Ripercorrere l’uso del Mediterraneo e della mediterraneità in questo arco di tempo significa necessariamente tenere in considerazione la politica coloniale che lo Stato italiano avviò appena dopo l’unificazione[1]. Tale politica portò all’occupazione di Eritrea (divenuta colonia nel 1890), Somalia (1908), e Libia (composta da Cirenaica e Tripolitania, formalmente italiana dal 1912). Nel frattempo, l’Italia si era anche assicurata un possedimento in Cina, a Tianjin, e aveva occupato Rodi e 12 isole nell’Egeo. Il governo fascista avrebbe cercato di consolidare il controllo effettivo nei territori africani, e nel 1935-36 occupò l’Etiopia; per poi rivolgere, a ridosso del secondo conflitto mondiale, i propri progetti espansionistici verso i territori dei Balcani e verso la Grecia. Il controllo su tutte queste aree cessò nel corso della guerra, senza però segnare la fine delle aspirazioni coloniali da parte dello Stato post-fascista. La perdita delle colonie fu però il primo segno concreto di una necessità, per l’Italia, di immaginare un nuovo ruolo internazionale, a partire proprio dal bacino Mediterraneo.
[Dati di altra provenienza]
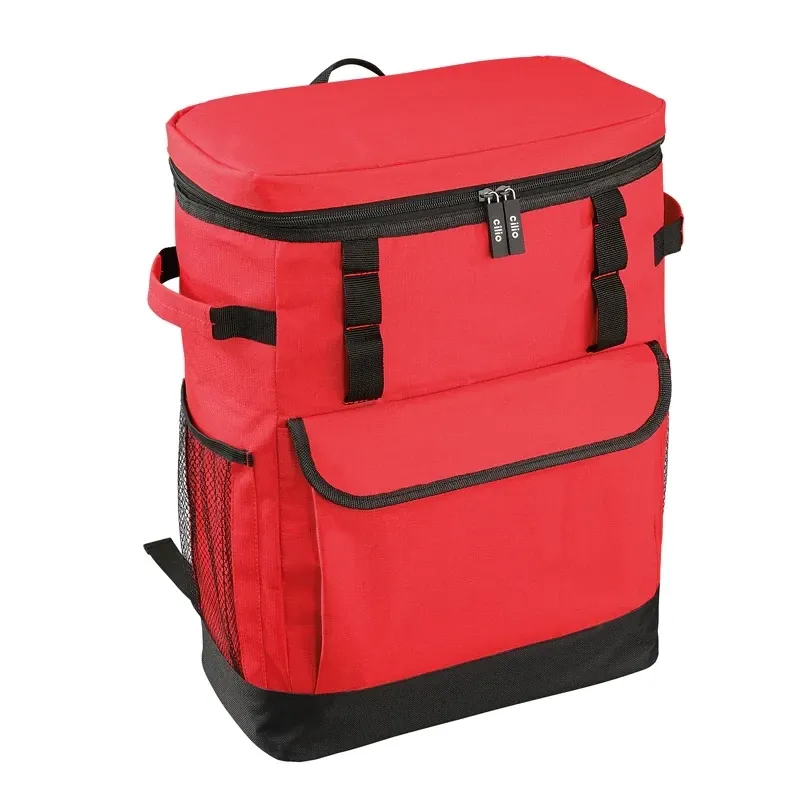 Zaino Rosso 15 l - cilio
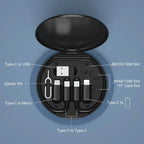 5-in-1 Fast Charging Cable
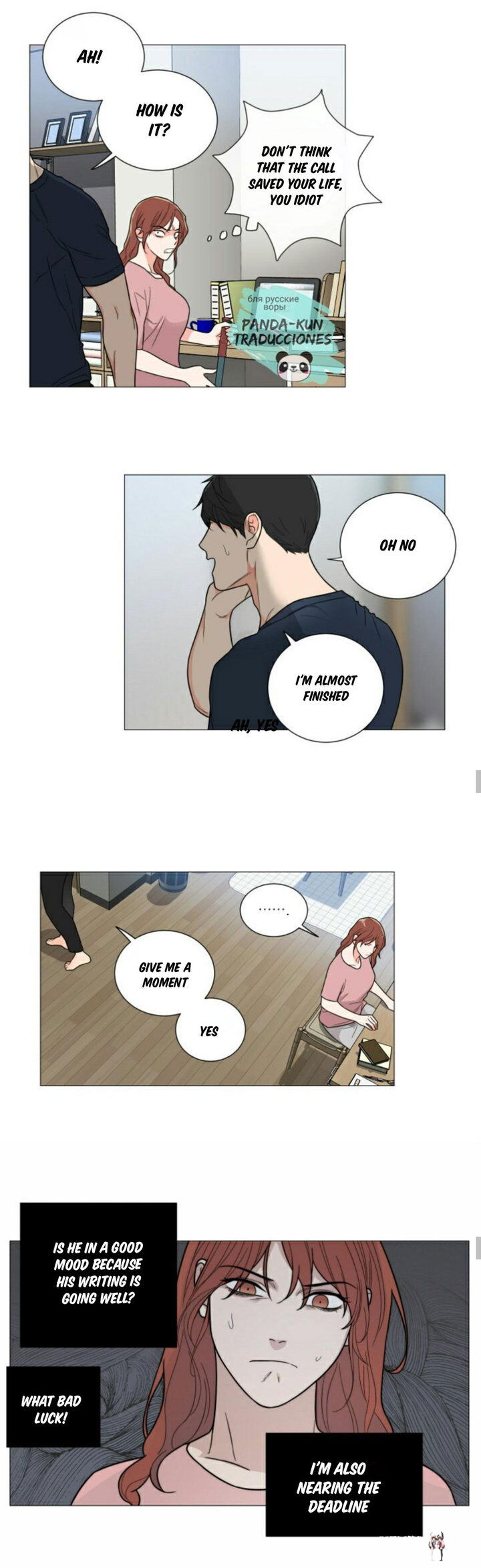 Sadistic Beauty Sadistic Beauty Chapter 109 - Page 7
Di seguito si vedrà, dunque, come il Mediterraneo sia mobilitato, discorsivamente e concretamente, in ognuna di queste fasi, finendo per sorreggere politiche differenti ma rimanendo centrale nell’auto-narrazione del paese nel corso del tempo.

Il Mediterraneo e l’Italia liberale

Dopo il 1861 per il giovane Stato italiano era necessario ottenere riconoscibilità e autorevolezza, tanto all’interno quanto all’esterno dei confini nazionali. Nell’ottica di cercare nel passato la legittimazione del presente, il Regno d’Italia si raccontò da subito come erede dell’antica Roma; l’aspirazione espansionista rifletteva, tra le altre cose, l’intento di confermare quel trait-d’union affermando il controllo di Roma sul bacino mediterraneo. In quel contesto il Mare nostrum era inteso non più come il “mare che si conosce” ma come “il nostro mare”, su cui l’Italia aveva il diritto di esercitare un’egemonia. Anche se le mire coloniali trovarono i primi esiti concreti nel Corno d’Africa, uno dei territori cui il Regno mirava da subito era la Tunisia, verso cui nei secoli si era indirizzata una forte emigrazione italiana. L’imposizione del protettorato francese su quel territorio, nel 1881, e il protettorato britannico sull’Egitto costrinsero gli italiani a spostare le proprie mire verso l’unico territorio della sponda mediterranea del Nord Africa ancora formalmente sotto il controllo dell’impero ottomano: quella che i giornali chiamavano Libia, facendo nuovamente ricorso a un nome tratto dalla romanità. L’uso del termine “Quarta sponda” doveva enfatizzare invece la naturalezza della presenza italiana su quella costa: quarta, dopo quella tirrenica, adriatica e ionica. Nel corso della guerra di occupazione della Libia del 1911-12 la Marina italiana aveva anche iniziato un’azione nel mare Egeo, occupando l’isola di Stampalia, Rodi e altre 11 isole, con l’intento di minacciare l’Impero ottomano con una presenza in un’area nevralgica per i suoi interessi politici ed economici. Più in generale, però, l’occupazione delle isole rientrava nella dimensione mediterranea del progetto coloniale italiano: teoricamente temporanea, la presenza nell’Egeo fu poi ufficializzata dal trattato di Losanna del 1923, e durò sino alla Seconda guerra mondiale.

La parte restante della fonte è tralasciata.